The Medicare actuary now issues 2 sets of projections: “current law” projections (equivalent to CBO’s in terms of assuming that Obamacare is implemented exactly as specified in the law) and an “alternative fiscal scenario” that makes much more realistic assumptions about which components of Obamacare are likely NOT to be implemented because they are unrealistically draconian (e.g., paying doctors under Medicare 70% less than what they’d be paid by private health insurers). Needless to say, Medicare spending is far higher under the second set of assumptions than the first, which is to say that Obamacare actually will contribute to rising rather than shrinking deficits.
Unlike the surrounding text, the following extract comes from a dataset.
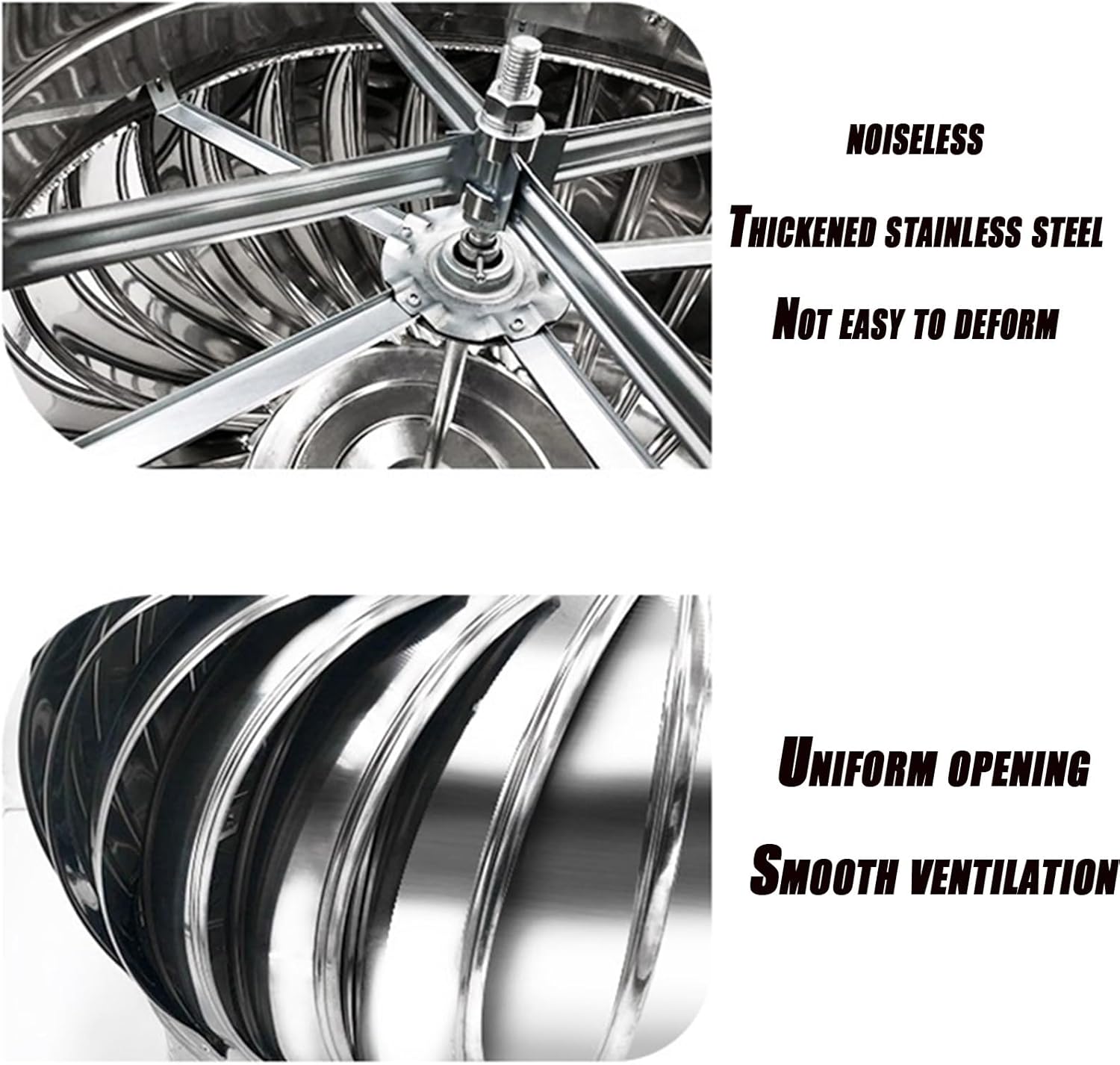 Ventilation Outlet, Internally Braced Wind Turbine, Wind Turbine, Unpowered Wind Cap, Dome Ventilator, with Screen Mesh, for Flats, Apartment, Home Decor,Silver-200mm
Using more realistic assumptions about Obamacare’s impact, the former director of CBO estimates Obamacare will add $2 trillion to deficits over the next 2 decades. http://americanactionforum.org/sites/default/files/health_reform_to_increase_deficit.pdf
This estimate was made in 2010, but there’s no way the Supreme Court decision would appreciably alter the net impact of the law on the deficit, i.e., changing a $2T deficit increase into a decrease etc.